AspCompat is an aid in migrating ASP pages to ASPX pages.
It defaults to false but should be set to true in any ASPX
file that creates apartment-threaded COM objects--that is,
COM objects registered ThreadingModel=Apartment.
That includes all COM objects written with Visual Basic
6.0. AspCompat should also be set to true (regardless of
threading model) if the page creates COM objects that
access intrinsic ASP objects such as Request and Response.

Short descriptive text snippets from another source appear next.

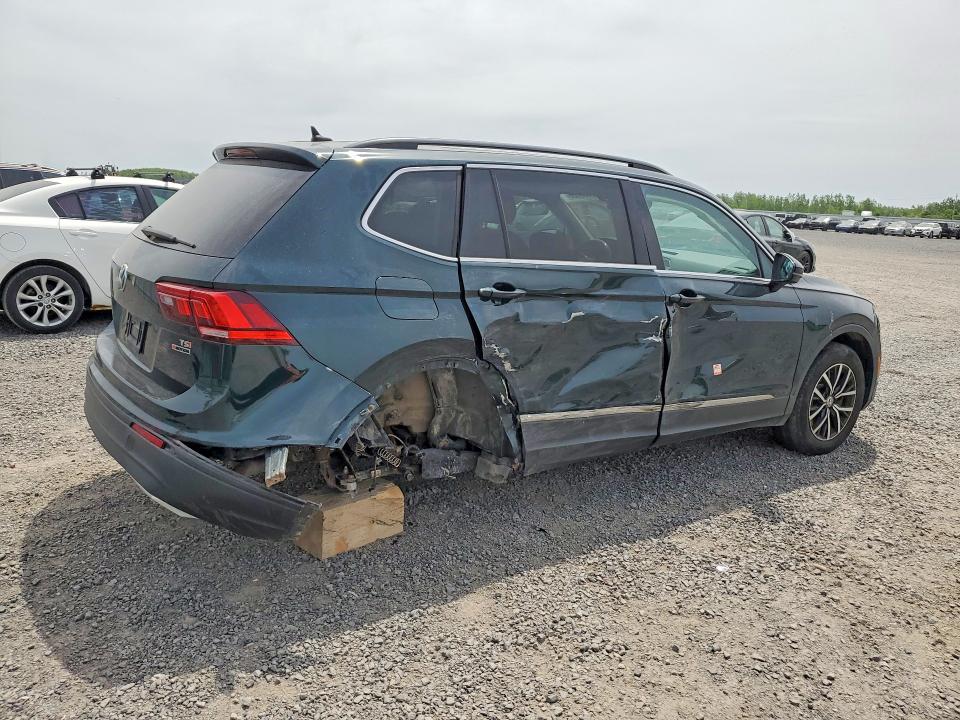 56486726 :رقم المزاد ، 3VV2B7AX0JM012706 vin ، 2018 Volkswagen Tiguan مزاد بيع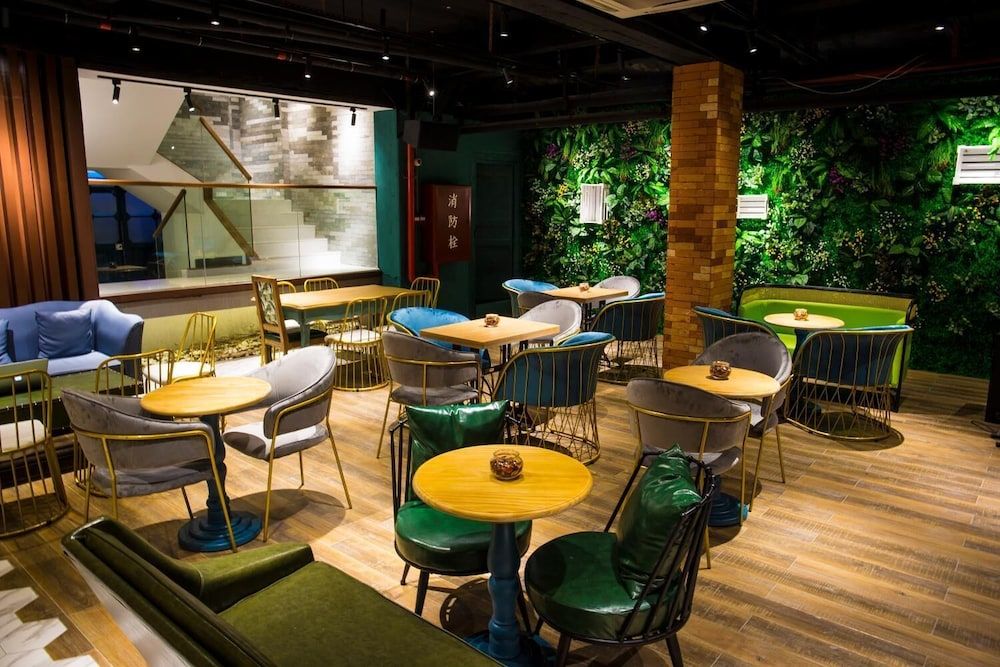 undefined Yuguo Hotel 8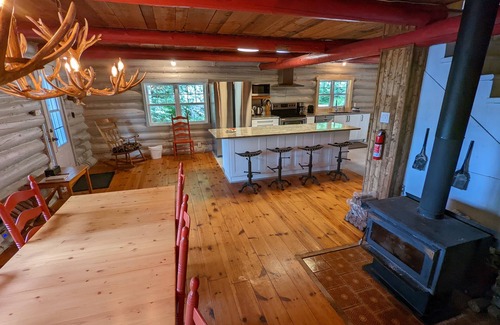 Amherst Cottage | The Starry beach, lake front cottage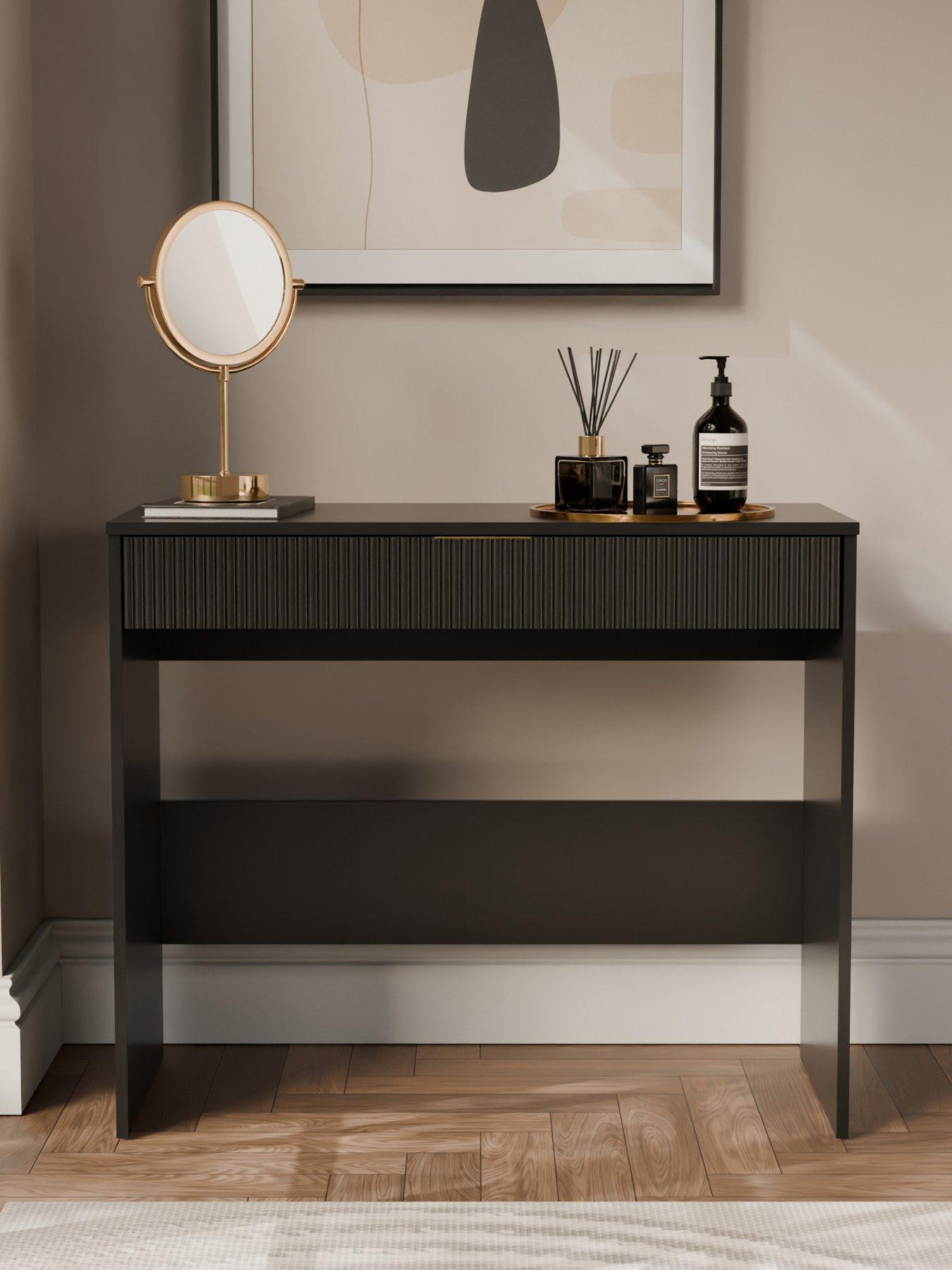 GFW Rankin Desk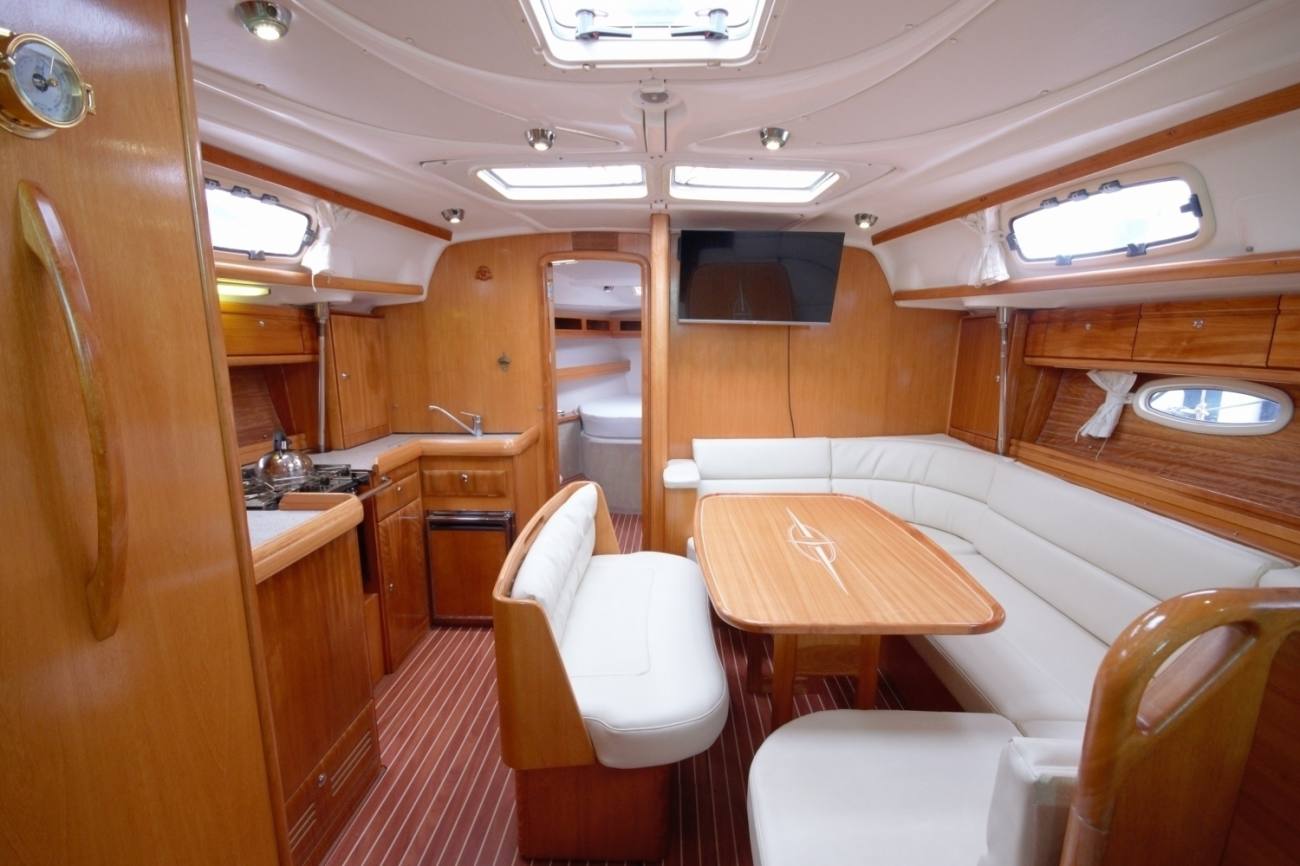 Bavaria 42 Cruiser 4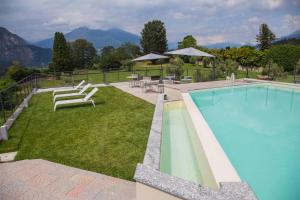 The swimming pool at or close to Villa La Rosa B&B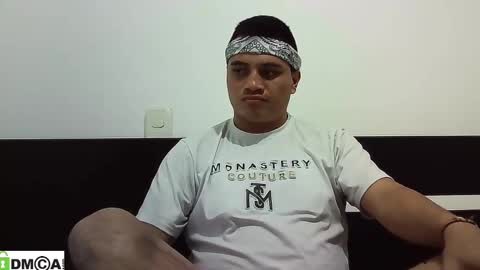 Snapshot of ahntony__69 chatting on 12/29/24, 01:45 ahntony  69 online show from 12/29/24, 01:45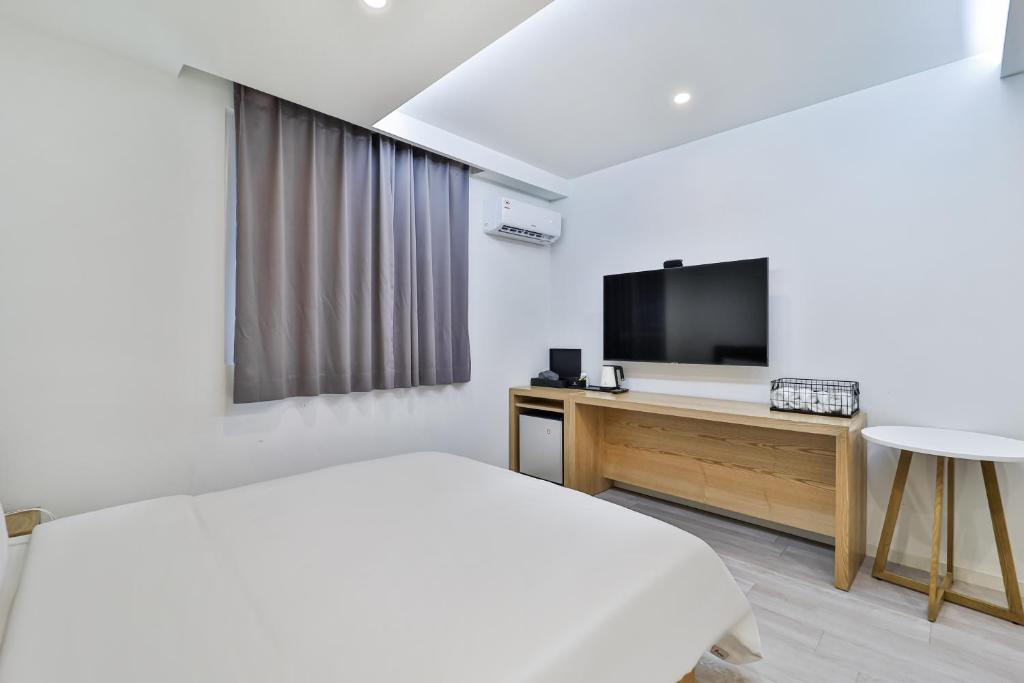 TV a/nebo společenská místnost v ubytování Sloth Hotel Busan Seomyeon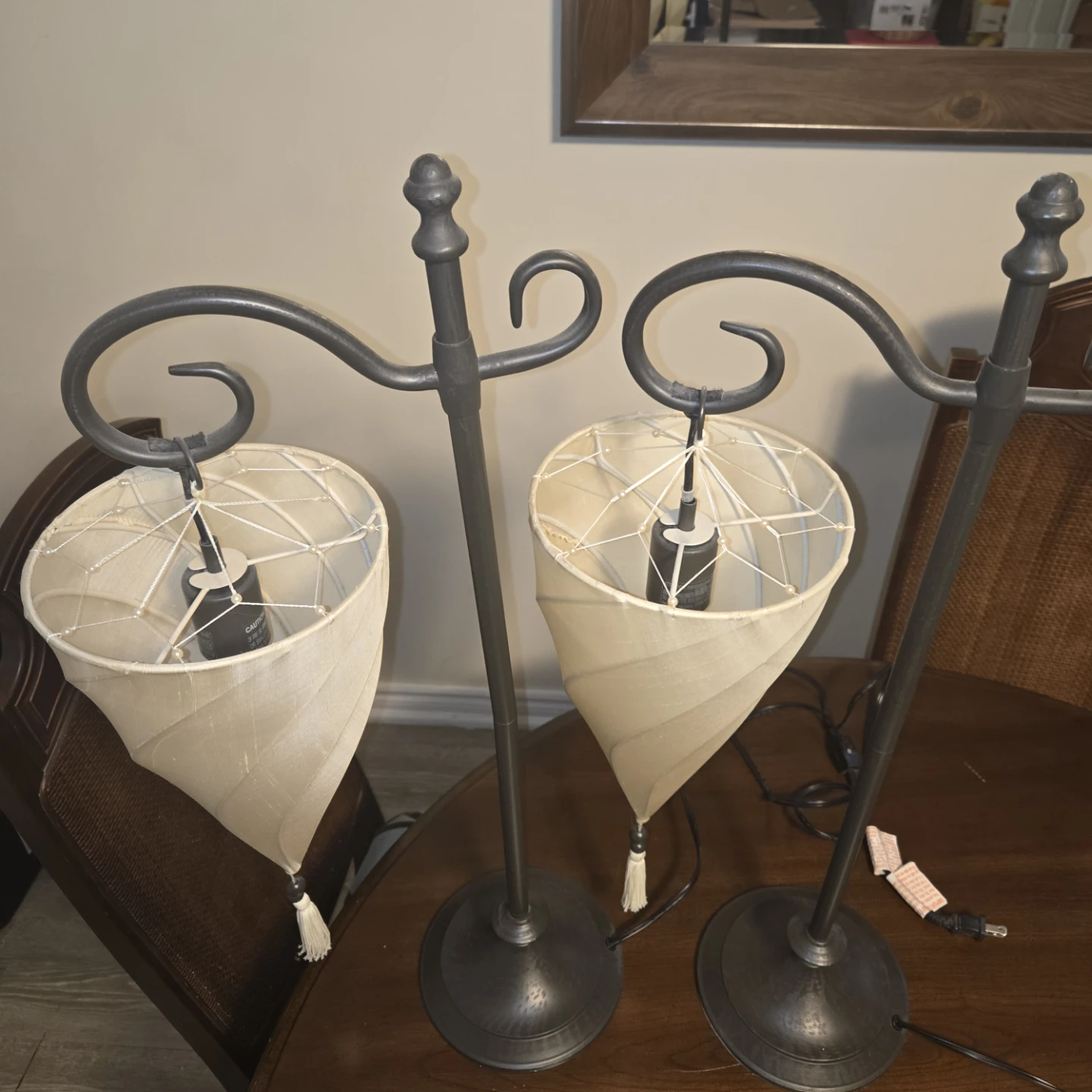 Rare Pottery Barn Silk Shade Lamps, Set of 2, Discontinued - photo 4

The following directive sets AspCompat to true:
<%@ Page AspCompat="true" %>
Setting AspCompat to true does two things. First, it makes
intrinsic ASP objects available to the COM components
by placing unmanaged wrappers around the equivalent ASP.NET
objects.
Second, it improves the performance of calls that the page
places to apartment- threaded COM objects by ensuring that
the page (actually, the thread that processes the request
for the page) and the COM objects it creates share an
apartment.
AspCompat="true" forces ASP.NET request threads into single-
threaded apartments (STAs). If those threads create COM
objects marked ThreadingModel=Apartment, then the objects
are created in the same STAs as the threads that created
them. Without AspCompat="true," request threads run in a
multithreaded apartment (MTA) and each call to an STA-based
COM object incurs a performance hit when it's marshaled
across apartment boundaries.
Do not set AspCompat to true if your page uses no COM
objects or if it uses COM objects that don't access ASP
intrinsic objects and that are registered
ThreadingModel=Free or ThreadingModel=Both.